Bubba can't catch a break, but my pity for him is small compared to my pity for those who are hurt worst by Bubba's love for our brush-clearing, horse-fearing President. It's nice to see someone call bullshit on the idea that you can find middle ground with someone whose view on diversity is, "You or me, but not both." One of the most frustrating things for those of us who observe things through the lens of sexual politics is trying to get our fellow liberals to understand that for some of our opposition, compromise is weakness and nothing but total capitulation from the left will satisfy.
Digsby's right that we need to write off those on the right who think "tolerance" is a dirty word. People who stand against sex ed, reproductive rights and other signs that not everyone chooses the same sexual path as they do obviously aren't happy to let us partake of the pill, abortion and sex toys in Alabama, even though we on the side of sin are all too happy to let them avoid birth control and The Rabbit all they'd like. Anti-gay marriage activists seem believe that if gays and lesbians can marry, straight marriage will disintegrate, meaning they sincerely believe that it's just not possible for people to have to peaceably share the same rights. And now we have people that seem to be positive that if a young woman doesn't dress like all the other young women in her class, then something very bad will happen.
Trying to woo people who seem to believe that if they aren't oppressing someone else, then they will be oppressed is a fool's errand and I hope that the Democrats won't be tempted to try it. However, I think there are a couple misconceptions about Bubba that need to be cleared up.
The people who vote because they've been whipped into a frenzy over fears that tolerance of people different from themselves might actually put their own lifestyles in danger are a surprisingly diverse crowd. It ain't just Bubba. In fact, many a Bubba could care less what you do, as long as you don't do it in his backyard. I know a surprising number of fundamentalist Christians who believe very firmly that I'm going to hell, but they aren't too hot on the idea of passing laws to save me from sending myself there with my pill pack in one hand and my copy of Backlash in the other. And many a Bubba thinks this whole gay marriage/abortion/boobies on TV stuff is utter nonsense, but he still voted for Bush and would do it again. And not necessarily to spite urban liberals, either.

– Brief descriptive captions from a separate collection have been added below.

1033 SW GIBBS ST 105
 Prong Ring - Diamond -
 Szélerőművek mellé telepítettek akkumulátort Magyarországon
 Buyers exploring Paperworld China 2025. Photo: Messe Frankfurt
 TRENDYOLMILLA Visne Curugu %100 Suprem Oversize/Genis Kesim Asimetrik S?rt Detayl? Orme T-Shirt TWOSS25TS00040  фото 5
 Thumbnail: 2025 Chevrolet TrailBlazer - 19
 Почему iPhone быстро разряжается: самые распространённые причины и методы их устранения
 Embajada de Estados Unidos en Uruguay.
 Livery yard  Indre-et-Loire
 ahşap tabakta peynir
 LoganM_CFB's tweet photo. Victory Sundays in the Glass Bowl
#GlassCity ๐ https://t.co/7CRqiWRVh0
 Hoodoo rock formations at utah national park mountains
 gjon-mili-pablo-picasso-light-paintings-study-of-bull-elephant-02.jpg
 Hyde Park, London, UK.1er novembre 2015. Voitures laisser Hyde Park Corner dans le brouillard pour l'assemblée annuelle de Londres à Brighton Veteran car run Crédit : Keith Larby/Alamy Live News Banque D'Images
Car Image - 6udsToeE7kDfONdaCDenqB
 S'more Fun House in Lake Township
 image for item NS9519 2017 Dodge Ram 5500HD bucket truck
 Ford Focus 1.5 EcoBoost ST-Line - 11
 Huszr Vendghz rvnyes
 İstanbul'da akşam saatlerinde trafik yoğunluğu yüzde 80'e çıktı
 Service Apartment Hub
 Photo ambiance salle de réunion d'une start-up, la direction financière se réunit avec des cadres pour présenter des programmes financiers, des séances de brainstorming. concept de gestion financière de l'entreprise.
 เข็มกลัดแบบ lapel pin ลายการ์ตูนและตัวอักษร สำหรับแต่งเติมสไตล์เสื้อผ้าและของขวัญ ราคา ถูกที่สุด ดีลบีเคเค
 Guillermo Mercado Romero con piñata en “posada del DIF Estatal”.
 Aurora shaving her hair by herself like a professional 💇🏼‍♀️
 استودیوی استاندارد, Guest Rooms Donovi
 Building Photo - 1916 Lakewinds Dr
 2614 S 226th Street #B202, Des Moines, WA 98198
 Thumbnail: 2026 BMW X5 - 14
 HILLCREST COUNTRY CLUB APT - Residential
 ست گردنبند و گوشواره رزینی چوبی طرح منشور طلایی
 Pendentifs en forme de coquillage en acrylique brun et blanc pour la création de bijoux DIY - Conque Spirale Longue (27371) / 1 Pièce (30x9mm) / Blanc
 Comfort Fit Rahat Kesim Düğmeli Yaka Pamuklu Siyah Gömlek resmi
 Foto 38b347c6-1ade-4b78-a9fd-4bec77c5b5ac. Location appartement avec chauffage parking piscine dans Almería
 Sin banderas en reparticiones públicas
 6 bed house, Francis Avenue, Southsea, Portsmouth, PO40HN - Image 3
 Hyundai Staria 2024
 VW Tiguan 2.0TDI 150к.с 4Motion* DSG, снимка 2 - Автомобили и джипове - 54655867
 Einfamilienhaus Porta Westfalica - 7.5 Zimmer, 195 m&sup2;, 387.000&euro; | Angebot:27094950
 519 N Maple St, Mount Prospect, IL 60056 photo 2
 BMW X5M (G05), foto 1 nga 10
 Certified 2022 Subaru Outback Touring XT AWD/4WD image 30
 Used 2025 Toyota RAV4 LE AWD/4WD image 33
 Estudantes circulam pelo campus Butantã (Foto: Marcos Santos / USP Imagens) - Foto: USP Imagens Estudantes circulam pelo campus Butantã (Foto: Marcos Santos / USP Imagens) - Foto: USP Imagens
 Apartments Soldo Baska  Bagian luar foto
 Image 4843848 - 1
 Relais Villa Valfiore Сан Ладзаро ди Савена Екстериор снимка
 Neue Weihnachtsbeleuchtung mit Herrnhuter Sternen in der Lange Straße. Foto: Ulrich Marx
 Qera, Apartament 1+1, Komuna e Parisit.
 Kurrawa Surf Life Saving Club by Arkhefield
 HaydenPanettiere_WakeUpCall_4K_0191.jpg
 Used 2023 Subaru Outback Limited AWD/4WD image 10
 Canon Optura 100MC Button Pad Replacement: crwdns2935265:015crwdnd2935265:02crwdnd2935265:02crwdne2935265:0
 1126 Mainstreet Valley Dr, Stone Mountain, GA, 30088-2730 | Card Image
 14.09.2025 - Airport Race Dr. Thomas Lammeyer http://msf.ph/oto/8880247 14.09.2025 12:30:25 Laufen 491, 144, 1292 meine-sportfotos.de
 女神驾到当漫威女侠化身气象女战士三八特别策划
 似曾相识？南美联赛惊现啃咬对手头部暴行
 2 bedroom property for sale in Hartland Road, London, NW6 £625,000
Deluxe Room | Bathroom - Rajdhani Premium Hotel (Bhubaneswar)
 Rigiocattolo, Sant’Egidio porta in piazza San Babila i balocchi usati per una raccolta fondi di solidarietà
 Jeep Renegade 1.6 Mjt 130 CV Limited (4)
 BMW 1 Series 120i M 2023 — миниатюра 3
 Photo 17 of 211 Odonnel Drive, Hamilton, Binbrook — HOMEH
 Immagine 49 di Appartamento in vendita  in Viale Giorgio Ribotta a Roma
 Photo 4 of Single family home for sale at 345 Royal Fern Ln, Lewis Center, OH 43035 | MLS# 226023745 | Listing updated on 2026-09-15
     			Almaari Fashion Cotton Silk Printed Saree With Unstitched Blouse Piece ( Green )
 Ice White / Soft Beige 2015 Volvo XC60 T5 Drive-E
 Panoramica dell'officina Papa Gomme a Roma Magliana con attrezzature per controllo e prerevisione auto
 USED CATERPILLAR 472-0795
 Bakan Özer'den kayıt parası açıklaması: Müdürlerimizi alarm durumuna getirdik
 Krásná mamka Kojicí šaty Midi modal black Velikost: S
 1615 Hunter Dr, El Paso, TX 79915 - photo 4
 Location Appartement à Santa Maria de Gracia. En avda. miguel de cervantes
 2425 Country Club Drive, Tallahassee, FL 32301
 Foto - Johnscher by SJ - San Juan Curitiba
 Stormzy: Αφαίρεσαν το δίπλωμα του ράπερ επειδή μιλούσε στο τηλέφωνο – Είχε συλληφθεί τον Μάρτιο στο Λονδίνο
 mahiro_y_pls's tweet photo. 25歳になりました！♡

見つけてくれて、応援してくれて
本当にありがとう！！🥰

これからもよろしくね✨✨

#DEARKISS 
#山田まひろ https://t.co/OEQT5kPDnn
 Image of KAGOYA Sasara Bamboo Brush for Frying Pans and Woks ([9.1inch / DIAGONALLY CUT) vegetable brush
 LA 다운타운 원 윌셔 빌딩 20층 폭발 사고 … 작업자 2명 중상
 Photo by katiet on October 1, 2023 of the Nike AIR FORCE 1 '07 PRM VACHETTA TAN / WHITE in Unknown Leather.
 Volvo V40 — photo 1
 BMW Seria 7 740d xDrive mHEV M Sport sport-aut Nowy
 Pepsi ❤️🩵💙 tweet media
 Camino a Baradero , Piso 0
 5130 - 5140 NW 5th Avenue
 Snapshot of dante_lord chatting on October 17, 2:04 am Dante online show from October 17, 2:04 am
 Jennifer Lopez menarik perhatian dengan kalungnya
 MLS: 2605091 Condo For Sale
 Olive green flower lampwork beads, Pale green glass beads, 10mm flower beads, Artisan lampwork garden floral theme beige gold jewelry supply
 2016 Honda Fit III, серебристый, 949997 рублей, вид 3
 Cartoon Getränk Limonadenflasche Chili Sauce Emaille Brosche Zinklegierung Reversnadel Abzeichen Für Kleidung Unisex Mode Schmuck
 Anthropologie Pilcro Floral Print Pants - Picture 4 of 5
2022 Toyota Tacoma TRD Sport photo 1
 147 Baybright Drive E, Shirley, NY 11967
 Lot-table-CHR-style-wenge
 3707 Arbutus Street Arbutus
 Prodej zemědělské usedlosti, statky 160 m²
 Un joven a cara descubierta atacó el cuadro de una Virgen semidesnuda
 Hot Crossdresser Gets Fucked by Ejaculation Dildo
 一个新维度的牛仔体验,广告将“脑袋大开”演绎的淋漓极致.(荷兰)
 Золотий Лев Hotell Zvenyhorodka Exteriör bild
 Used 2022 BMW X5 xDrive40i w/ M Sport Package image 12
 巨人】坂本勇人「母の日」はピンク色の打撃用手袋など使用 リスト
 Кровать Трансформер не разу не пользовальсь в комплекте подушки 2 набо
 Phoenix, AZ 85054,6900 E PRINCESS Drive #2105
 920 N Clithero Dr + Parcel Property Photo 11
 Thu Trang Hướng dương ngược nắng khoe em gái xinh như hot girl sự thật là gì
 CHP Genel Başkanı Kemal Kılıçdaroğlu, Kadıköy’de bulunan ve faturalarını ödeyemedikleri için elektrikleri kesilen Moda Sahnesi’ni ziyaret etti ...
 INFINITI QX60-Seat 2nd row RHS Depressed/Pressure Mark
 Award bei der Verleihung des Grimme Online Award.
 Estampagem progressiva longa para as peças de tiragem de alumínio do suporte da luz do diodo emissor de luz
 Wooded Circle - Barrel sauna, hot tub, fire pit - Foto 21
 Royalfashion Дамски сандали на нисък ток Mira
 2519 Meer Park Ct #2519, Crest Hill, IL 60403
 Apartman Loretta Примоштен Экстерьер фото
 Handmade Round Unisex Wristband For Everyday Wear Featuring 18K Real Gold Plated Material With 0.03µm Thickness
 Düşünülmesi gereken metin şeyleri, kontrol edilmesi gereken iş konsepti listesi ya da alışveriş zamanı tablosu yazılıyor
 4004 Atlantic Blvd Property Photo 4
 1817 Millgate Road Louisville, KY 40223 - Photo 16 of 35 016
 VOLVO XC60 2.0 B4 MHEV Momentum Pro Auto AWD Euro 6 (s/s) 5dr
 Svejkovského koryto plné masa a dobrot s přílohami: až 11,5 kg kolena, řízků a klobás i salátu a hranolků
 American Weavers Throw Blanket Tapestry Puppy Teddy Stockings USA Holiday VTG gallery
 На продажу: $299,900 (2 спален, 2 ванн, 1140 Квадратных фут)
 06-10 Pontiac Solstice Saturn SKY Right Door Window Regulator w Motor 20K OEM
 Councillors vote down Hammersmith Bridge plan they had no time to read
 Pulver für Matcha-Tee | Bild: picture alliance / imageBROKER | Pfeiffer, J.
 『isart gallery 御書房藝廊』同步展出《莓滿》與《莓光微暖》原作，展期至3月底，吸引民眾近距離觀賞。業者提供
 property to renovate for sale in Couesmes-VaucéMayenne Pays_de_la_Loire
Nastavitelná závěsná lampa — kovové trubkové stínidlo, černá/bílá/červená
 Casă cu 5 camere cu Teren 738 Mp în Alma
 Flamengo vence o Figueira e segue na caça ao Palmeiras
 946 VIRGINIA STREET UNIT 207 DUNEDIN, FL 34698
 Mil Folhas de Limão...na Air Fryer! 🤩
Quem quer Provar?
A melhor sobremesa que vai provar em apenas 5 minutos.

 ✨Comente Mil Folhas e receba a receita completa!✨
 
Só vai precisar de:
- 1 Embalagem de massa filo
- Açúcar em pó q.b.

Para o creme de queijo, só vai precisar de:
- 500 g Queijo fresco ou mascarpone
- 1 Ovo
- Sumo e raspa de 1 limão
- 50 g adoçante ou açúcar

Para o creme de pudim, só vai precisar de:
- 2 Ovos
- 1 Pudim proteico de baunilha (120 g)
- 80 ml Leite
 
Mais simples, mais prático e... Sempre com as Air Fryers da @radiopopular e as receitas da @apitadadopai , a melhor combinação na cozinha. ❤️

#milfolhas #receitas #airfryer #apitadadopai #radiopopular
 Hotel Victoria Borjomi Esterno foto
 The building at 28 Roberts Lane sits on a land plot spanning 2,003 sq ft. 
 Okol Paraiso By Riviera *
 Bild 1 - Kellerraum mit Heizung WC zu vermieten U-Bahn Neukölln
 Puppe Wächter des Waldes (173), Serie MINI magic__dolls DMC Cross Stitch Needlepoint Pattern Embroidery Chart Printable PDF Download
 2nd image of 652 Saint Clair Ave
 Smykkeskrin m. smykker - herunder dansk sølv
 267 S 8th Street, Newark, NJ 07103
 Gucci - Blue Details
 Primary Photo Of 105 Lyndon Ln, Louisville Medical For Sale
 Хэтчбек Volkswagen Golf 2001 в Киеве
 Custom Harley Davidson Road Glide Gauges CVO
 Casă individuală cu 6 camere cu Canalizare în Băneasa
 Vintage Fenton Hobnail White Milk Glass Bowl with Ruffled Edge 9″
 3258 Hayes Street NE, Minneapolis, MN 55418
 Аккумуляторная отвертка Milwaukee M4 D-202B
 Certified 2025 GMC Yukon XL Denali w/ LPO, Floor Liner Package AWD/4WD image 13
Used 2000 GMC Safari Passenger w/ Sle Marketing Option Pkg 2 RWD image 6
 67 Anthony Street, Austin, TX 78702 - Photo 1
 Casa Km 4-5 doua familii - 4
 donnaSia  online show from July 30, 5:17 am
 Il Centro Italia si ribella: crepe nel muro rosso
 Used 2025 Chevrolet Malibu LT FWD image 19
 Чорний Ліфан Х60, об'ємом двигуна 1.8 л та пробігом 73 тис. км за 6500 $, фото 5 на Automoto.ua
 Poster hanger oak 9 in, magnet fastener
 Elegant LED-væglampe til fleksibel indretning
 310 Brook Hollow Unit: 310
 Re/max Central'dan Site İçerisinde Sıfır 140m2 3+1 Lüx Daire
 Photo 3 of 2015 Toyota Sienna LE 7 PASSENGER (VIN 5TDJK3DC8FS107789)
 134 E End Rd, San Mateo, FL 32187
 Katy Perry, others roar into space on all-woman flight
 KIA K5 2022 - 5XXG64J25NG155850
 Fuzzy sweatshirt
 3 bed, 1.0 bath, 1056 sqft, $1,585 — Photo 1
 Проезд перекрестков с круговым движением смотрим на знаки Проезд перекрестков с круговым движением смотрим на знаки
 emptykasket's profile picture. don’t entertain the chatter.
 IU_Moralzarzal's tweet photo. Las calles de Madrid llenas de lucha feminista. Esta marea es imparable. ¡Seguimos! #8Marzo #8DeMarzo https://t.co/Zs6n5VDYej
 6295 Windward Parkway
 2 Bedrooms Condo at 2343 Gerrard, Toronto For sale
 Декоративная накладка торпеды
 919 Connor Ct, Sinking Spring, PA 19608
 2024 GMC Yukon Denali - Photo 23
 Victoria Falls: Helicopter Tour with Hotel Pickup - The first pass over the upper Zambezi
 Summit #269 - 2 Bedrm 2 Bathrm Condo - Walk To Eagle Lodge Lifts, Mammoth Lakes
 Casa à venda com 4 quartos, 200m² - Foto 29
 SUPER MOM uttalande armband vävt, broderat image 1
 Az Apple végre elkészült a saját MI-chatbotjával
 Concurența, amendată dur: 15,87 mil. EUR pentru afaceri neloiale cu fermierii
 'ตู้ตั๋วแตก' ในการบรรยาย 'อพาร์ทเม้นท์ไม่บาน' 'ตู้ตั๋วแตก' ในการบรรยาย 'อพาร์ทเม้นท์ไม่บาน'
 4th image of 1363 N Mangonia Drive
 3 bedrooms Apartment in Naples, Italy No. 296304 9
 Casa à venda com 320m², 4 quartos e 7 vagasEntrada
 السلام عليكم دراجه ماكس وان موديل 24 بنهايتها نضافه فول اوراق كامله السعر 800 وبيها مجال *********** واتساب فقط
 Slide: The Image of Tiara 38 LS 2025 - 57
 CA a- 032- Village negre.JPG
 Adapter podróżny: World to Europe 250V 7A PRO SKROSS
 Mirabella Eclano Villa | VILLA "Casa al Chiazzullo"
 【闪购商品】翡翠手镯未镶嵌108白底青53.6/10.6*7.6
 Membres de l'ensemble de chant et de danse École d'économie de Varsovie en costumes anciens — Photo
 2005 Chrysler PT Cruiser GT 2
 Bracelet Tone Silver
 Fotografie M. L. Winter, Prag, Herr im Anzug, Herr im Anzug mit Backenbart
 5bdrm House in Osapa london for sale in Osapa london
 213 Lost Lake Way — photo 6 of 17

So, I think Digsby's right that compromise with some is impossible, and I would add that trying to compromise with people who'd rather we just disappeared off the face of the planet will probably just bring the Democrats down another notch in the estimation of the Bubbas that are inclined to be sympathetic to the social politics of tolerance. The people in our democracy who see the voting system as a way to inflict their beliefs on others are still not a majority; Bush won this last election in a squeaker, and that's only because they blanketed people's homes with the message that their choice was Bush or death by terrorist attack. It was scary and even I had a moment of doubt about voting for Kerry, even though I knew damn well that all the security stuff coming from the Bush camp was all lies.
It seems to me that the Republicans have cobbled together a rather uneasy alliance between the rich who control the party and use it to inflict class warfare on the rest of us, the intolerant who are willing to be used as tools as long as it means they can exert control over their neighbors' sex lives, and a whole bunch of people that are sitting on the fence. The fence-sitters either don't know how many liberties of theirs the Republicans are actively working to dismantle or simply think that they have to put up with these lost liberties in order to be safe from terrorism. This is the group that the Democrats need to focus on in order to get more votes.